The big question was not what she thinks about her favourite issues like education and healthcare, but why she is doing this at all. Is it to get away from a husband who is a lame-duck President for the next 18 months? Is it revenge for humiliating her with his dalliance with a White House intern?
Does a career in the hidebound Senate with its old-boy network and fusty rules really appeal to her, or does she see it a stepping stone to becoming the first woman president some day?
Needless to say, Hillary was not answering those questions. As she faced the press standing beside the patriarchal Senator Pat Moynihan, whose seat she hopes to fill on his retirement, she did the neat political trick of asking the questions herself.

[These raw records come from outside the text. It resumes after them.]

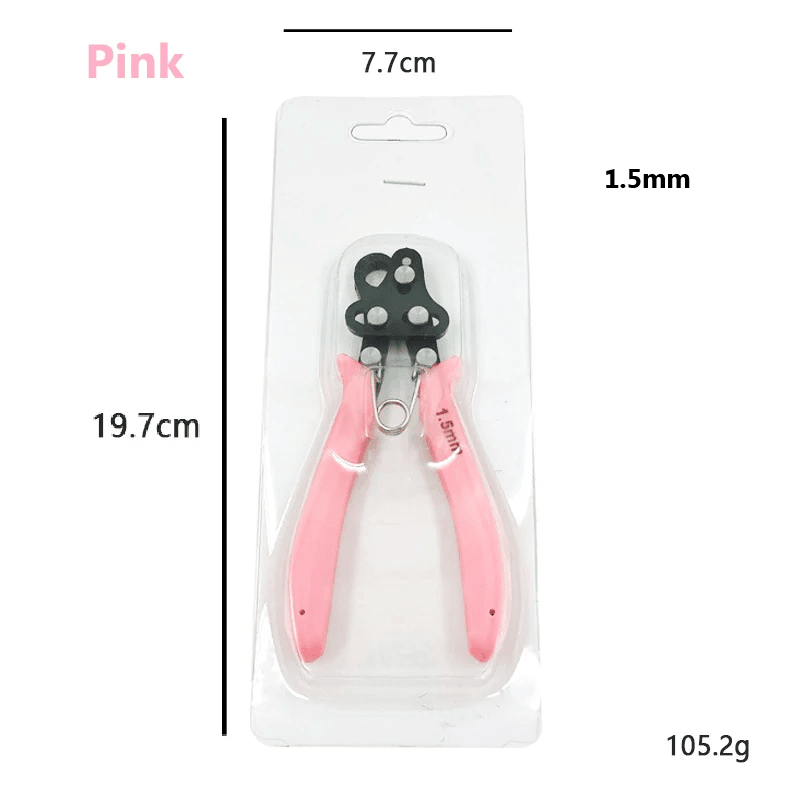 Orion Looper Pliers | High Carbon Steel, Ergonomic Design - Hartwella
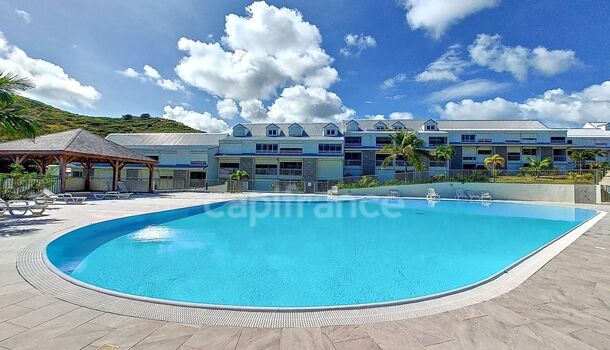 Appartement 2 pièces  à vendre Saint-Martin 97150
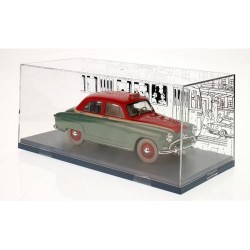 Tintin - 1:24 Modellbil 29 - Simca Taxi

"Now I suppose the question on everybody's mind is, `Why the Senate and why New York and why me?' All I can say is I care deeply about the issues that are important in this state that I've already been learning about and hearing about."
She went on: "I would be, if I run and am honoured to be elected, a strong and effective advocate on the part of the people of New York. I'm very excited about this."
So, of course, are the media, and far more of them turned up at the Moynihan farm outside Oneonta than to hear President Clinton addressing the problems of the Pine Ridge reservation.
From the moment her Air Force Gulfstream jet touched down at Binghamton last Wednesday, the media circus was in full cry. No detail would be too mundane.
When the First Lady showed she was human like the rest of us and visited the ladies' loo at a rest stop on the way to Oneonta, a female reporter followed and interviewed the woman and her two daughters who shared the facilities with her. They were thrilled.
Hillary in her green Ford minivan flanked by the Secret Service vehicles was pursued by an 18-wheel juggernaut with "Go Home Hillary" painted on the sides in huge letters.
Other protesters stood at rural crossroads holding signs saying "This is Rudy Country", Rudy being Mayor Giuliani of New York, her likely Republican opponent for the Senate seat.
A ridiculous exchange has broken out between their respective supporters as to who knows the geography of upstate New York best.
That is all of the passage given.